Professor Nielsen’s work in modelling complex biological systems has been applied to systems as diverse as bacteria, baker's yeast, sugarcane and insects.

It has attracted research partnerships with companies including Dow, Metabolix, Amyris, LanzaTech, Boeing, Virgin Australia and General Electric.

“The NNF research laureate gives me the opportunity to revisit work originally covered in my PhD in chemical engineering at UQ,” Professor Nielsen said.

“It may even provide a solution to the problem that first attracted me to a career as a research scientist: modelling the chemical and complex sequences of biomechanical reactions within a human cell.

“When I came to Australia 25 years ago, I was planning to return to Denmark to work with Novo Nordisk, actually. But then I ran into this metabolism diagram and got very excited about trying to model it.”

“Everything in the cell is networked in a very complicated way.
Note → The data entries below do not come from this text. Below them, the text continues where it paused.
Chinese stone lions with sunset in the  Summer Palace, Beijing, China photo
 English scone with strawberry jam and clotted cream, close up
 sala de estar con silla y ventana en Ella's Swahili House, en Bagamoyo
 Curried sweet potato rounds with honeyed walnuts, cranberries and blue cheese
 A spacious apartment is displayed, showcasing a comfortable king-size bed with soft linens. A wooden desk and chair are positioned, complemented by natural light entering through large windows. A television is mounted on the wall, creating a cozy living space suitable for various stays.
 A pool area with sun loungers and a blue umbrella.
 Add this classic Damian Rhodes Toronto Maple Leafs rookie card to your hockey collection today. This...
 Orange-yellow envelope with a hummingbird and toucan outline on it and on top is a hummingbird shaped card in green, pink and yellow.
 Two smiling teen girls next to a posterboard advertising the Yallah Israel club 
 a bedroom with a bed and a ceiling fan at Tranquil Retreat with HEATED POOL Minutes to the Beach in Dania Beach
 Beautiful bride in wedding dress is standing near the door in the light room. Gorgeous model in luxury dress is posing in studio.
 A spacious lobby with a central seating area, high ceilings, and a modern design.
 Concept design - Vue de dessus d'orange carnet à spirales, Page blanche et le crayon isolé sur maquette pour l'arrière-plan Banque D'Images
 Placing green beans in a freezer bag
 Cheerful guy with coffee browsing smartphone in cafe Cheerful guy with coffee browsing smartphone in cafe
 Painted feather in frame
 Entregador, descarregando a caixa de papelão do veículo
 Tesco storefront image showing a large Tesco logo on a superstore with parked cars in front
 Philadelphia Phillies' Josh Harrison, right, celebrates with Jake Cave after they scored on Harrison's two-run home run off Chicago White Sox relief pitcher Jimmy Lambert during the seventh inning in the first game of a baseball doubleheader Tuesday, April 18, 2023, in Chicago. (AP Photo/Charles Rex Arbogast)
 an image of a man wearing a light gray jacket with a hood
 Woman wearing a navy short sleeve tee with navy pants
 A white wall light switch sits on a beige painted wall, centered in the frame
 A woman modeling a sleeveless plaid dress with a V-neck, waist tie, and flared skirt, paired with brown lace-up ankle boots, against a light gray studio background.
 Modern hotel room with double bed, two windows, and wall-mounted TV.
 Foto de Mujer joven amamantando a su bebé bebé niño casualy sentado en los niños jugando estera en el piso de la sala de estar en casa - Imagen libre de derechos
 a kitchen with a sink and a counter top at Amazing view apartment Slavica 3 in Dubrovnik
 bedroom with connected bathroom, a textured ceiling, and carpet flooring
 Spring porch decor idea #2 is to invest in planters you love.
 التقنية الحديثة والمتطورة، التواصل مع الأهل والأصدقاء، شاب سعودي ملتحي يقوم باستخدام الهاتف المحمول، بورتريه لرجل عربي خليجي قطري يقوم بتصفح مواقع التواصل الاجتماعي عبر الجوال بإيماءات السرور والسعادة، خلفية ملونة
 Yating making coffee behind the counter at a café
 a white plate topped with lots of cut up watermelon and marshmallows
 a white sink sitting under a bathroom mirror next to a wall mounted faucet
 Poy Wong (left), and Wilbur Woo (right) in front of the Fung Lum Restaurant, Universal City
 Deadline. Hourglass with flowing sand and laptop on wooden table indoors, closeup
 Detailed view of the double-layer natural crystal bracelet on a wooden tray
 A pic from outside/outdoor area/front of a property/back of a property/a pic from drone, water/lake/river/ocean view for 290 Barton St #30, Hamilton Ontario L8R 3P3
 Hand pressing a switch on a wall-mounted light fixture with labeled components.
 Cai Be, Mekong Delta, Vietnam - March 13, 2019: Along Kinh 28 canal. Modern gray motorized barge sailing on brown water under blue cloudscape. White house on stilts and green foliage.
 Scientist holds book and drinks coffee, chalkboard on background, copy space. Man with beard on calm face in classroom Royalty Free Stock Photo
The system is so sensitive to any change in parameters, that it just may never be possible for us to compute all the possible interactions.

“The human cell has had millions of years to get these calculations right.”

Australian Institute for Bioengineering and Nanotechnology director Professor Peter Gray, said Professor Nielsen had established a world-leading centre in the institute, with 50 staff in metabolic and biochemical engineering.

“Receiving the NNF Laureate is a fitting recognition of the high regard in which he is held by his colleagues around the world, and his many significant contributions to the advancement of the metabolic engineering research field.”

Professor Nielsen takes up his new role in June and will work at AIBN until the Novo Nordisk Foundation Center for Biosustainability moves into its new facility at the Technical University of Denmark late next year.